While spearheading an inaugural session with Gibraltar’s government working group on captive regimes last week (14 February 2024), Feetham said a partnership with the UK would mark a “significant milestone” in the implementation of a captive insurance regime in the territory.
The dual regime would mean that any captive insurer in Gibraltar writing UK business would have to respect the Gibraltar Authoristion Regime (GAR) arrangements – meaning Solvency UK, which is soon to replace Solvency II, would be applicable.
A captive is a wholly-owned subsidiary insurer formed to provided risk mitigation services for its parent company or related entities.
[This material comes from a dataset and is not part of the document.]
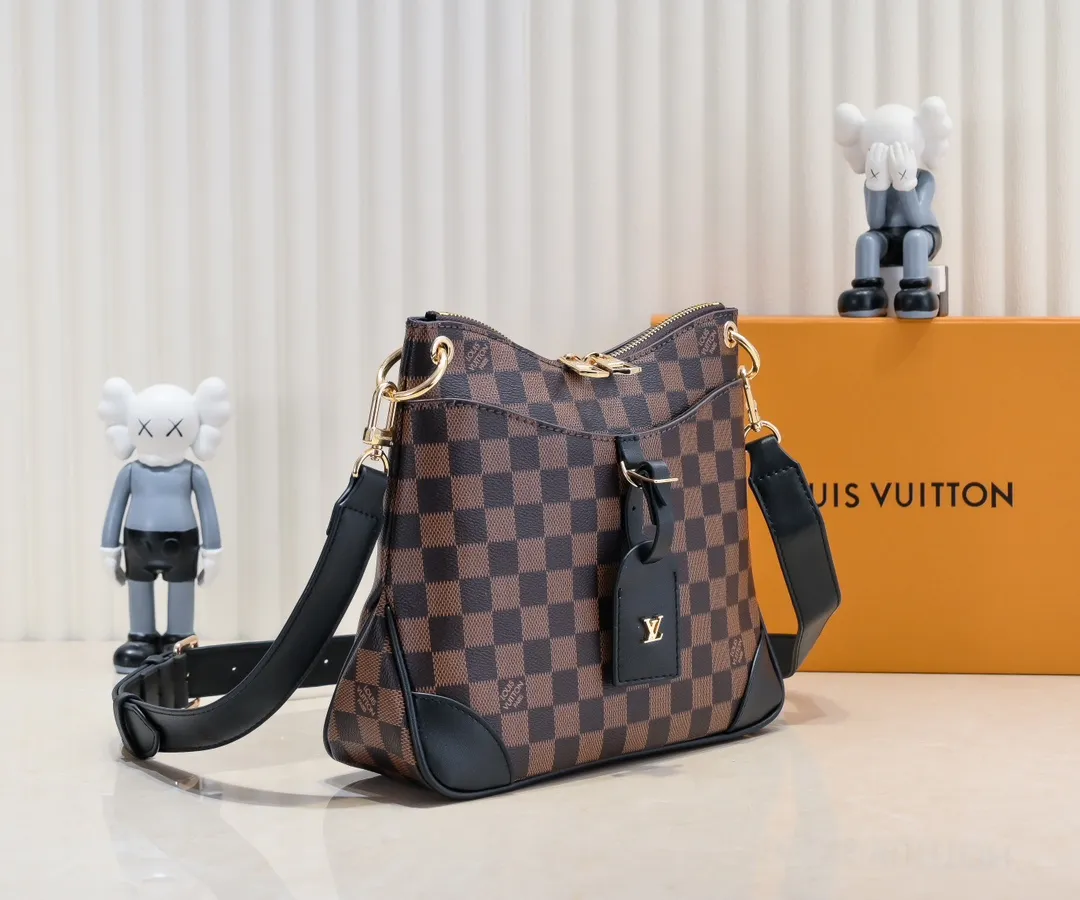 💰Large 300💰💰Small 280💰Upgraded from the original M45353 M45354 M45355 A new Odeon medium and small handbag is launched in the autumn and winter of 2020, using Monogram canvas and reinforced leather corners to convey a retro feel. The adjustable shoulder strap makes it easy to carry on the shoulder or across the body, and the zipper allows easy access to your belongings. Monogram coated canvas Semi-distressed vegetable tanned leather Natural cowhide and colorful cowhide trim Textile lining Metal hardware Leather corners Shoulder strap loops Double zip closure External patch pocket with magnetic closure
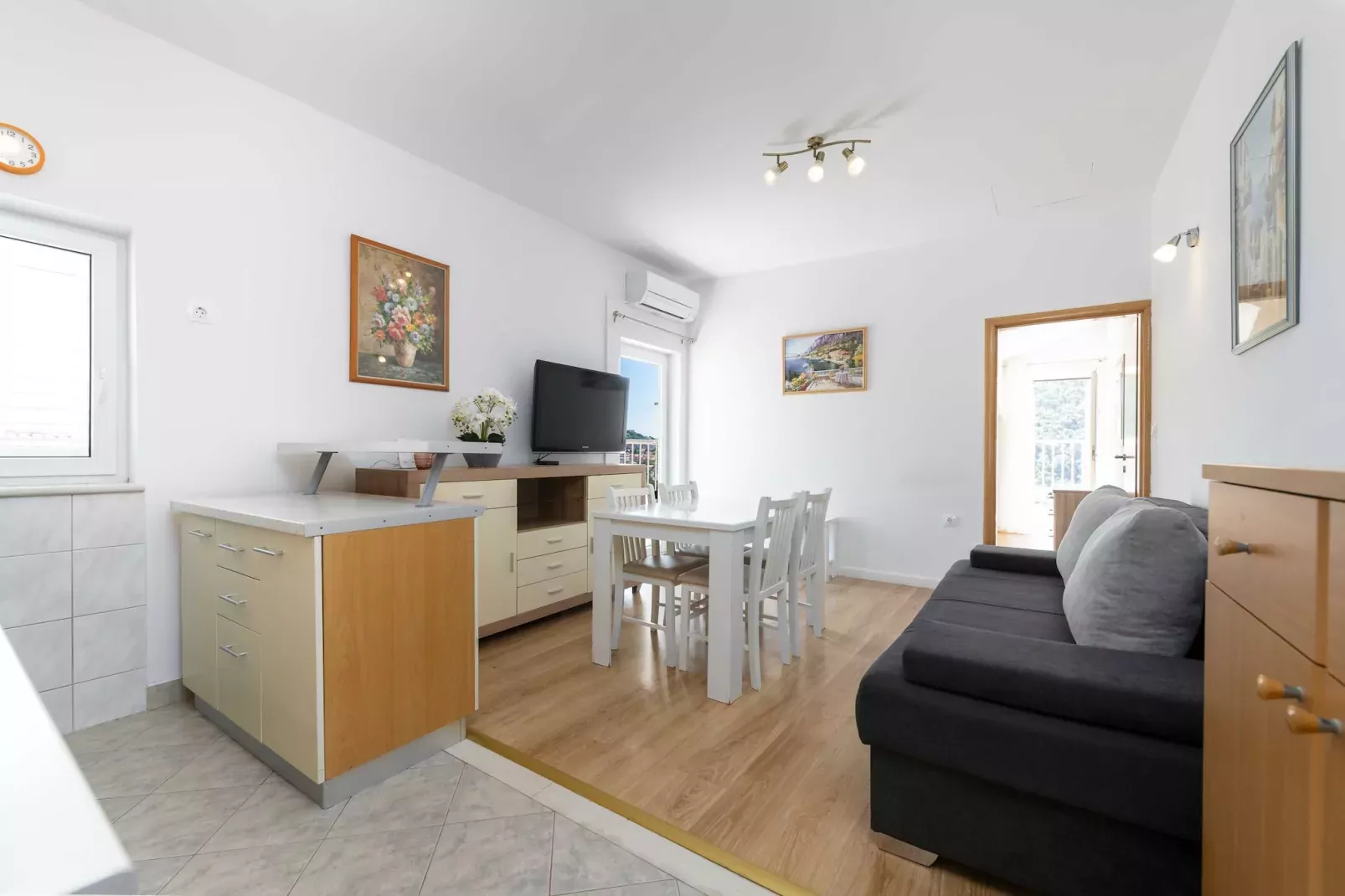 Green Hills Apartment - One Bedroom Apartment with Balcony and Sea View-Living room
According to the London Market Group’s (LMG) A Plan For the Future report, published in September 2023, captive premiums were predicted to reach £128.3bn ($161bn) by 2030.
Feetham told Insurance Times: ”The government of Gibraltar has received approval from the Gibraltar regulator for the setting up of a ‘cell captive’ for the government.
”I am now in the process of securing final approval from within the government to allow me to proceed.”
During the session with the government working group, Feetham said: “Whilst it will initially sit outside the common market arrangements with the UK, I believe it could in the future be possible, through this regime, to deliver on a common objective, working closely with the UK government and its industry.”
He explained that the GAR arrangements were intended to provide a long-term legislative framework for financial services between Gibraltar and the UK.
On 25 January 2024, the UK Treasury provided Gibraltar with the green light for the development of a new captive regime.
UK captive regime
Last week, tech giant Google was said to be in talks to participate in the captive market at Lloyd’s of London.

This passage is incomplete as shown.